キーボードの波瑠の言葉に、透が困った顔をした。

「そんなに、やつれてますか?」

ドラムの紬が慌てて謝る。

「波瑠、何を言ってんの……。理事長は手術したばかりなんだから、多少はやつれていて当たり前でしょ。すみません、波瑠は理事長のファンなので……」

匠は波瑠の言葉で初めて、透の微妙な変化に気がついたのか、透をじっと見ている。その視線に気がついた透は、匠の視線から逃れるように、メンバーの方を向いた。楓が口を開いた。

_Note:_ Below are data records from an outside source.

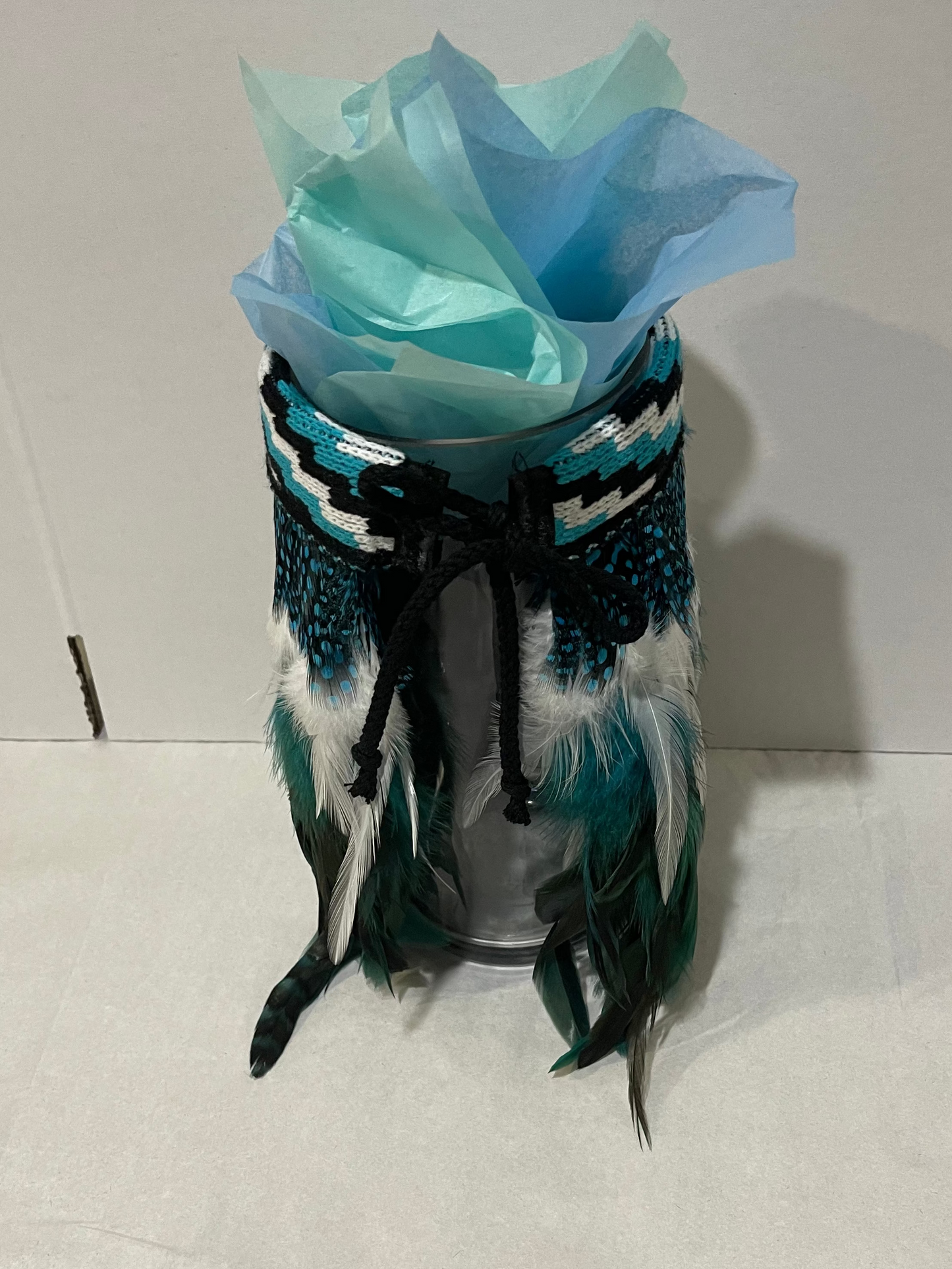 Decorative vase with a mini Maori Korowai and tissue paper on a white surface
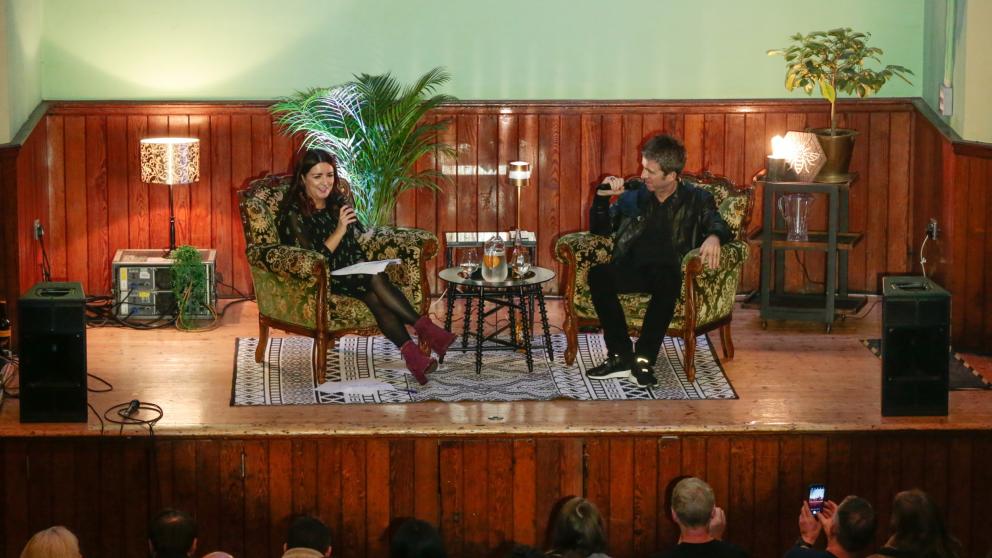 Dr Kirsty Fairclough interviewing Noel Gallagher at the Salford Lads Club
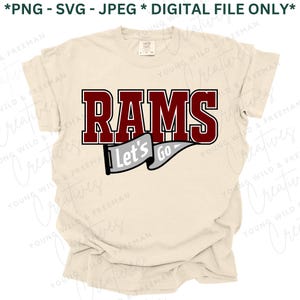 May include: A beige t-shirt with a red and grey graphic that says "RAMS" with a banner that says "Let's Go!"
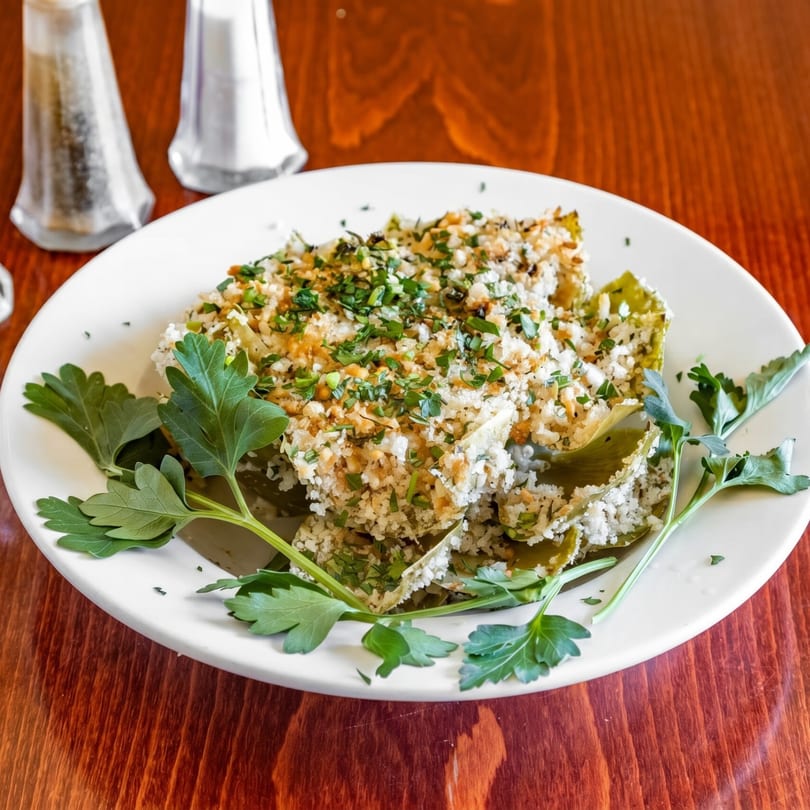 Baked artichoke hearts topped with breadcrumbs and fresh parsley, served on a white plate.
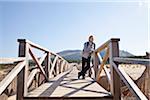 Man on Boardwalk, Cala Ratjada, Mallorca, Balearic Islands, Spain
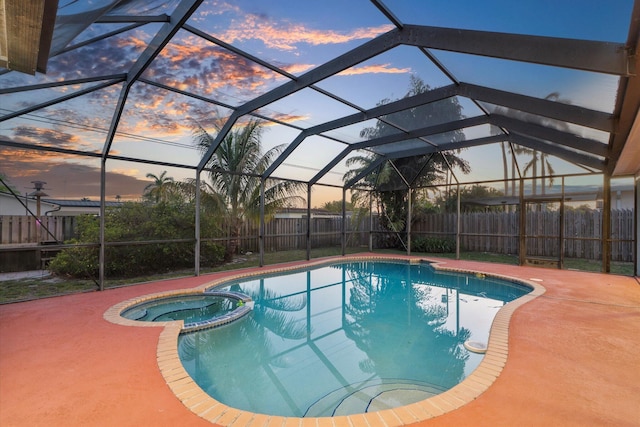4800 Harrison St, Hollywood, FL 33021 - pool at dusk with a fenced backyard, a pool with connected hot tub, a patio area, and a lanai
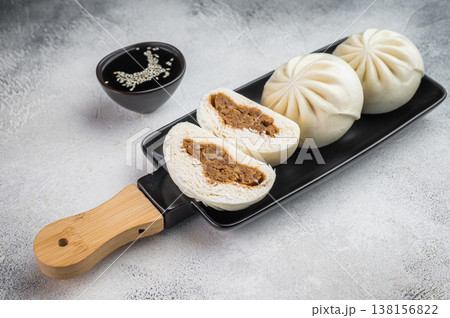 Nikuman steamed buns with visible meat filling on black dish, Asian street food composition with vertical layout and copy space 138156822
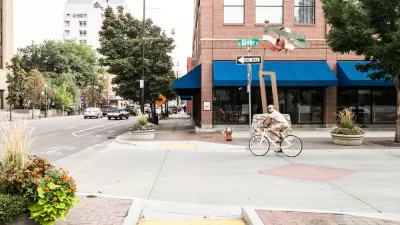 A man on a bike prepares to turn off a one way street onto a bike lane in Downtown Boise, Idaho.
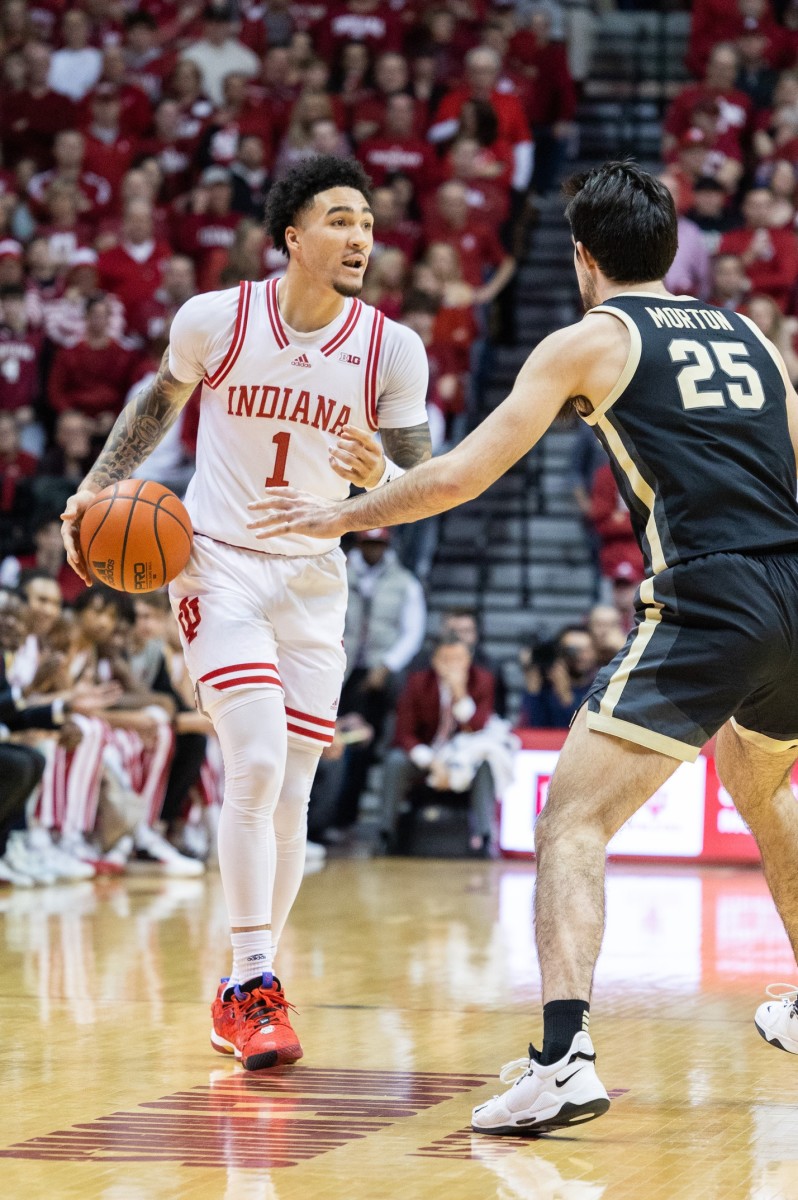 Jalen Hood-Schifino (1) dribbles the ball while Purdue Boilermakers guard Ethan Morton (25) defends.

「不審者といえば、今日、不審な外国人が門の周りをうろうろしていましたよ」

「校長に言って、警察に学校周辺をパトロールしてもらうよう、頼んでおきましょう」

結衣が決心したように、透を見る。

「理事長、コンテストに向けてまずは、校内選抜、絶対に通ります。私たち、見に来て頂いたライブの時よりも進化したと思います」

「それは良かった。くみも出場する気満々だから、構内選抜を通って、頑張ってコンテストで賞を取って来てください。期待していますよ」

「有難うございます。頑張ります。理事長、コンテストも見に来て下さい」

「もちろん行きますよ。楽しみにしています」

紬が声をかける。

「よし、長居すると悪いから、みんな帰るよ。理事長、早く退院して、またライブも見に来て下さい」

4人は匠の肩を軽く叩いて、病室を出て行った。結衣はこれが言いたくて、お見舞いに来たかったのか、と匠は嬉しく思った。メンバーが帰ると、病室は急に静かになった。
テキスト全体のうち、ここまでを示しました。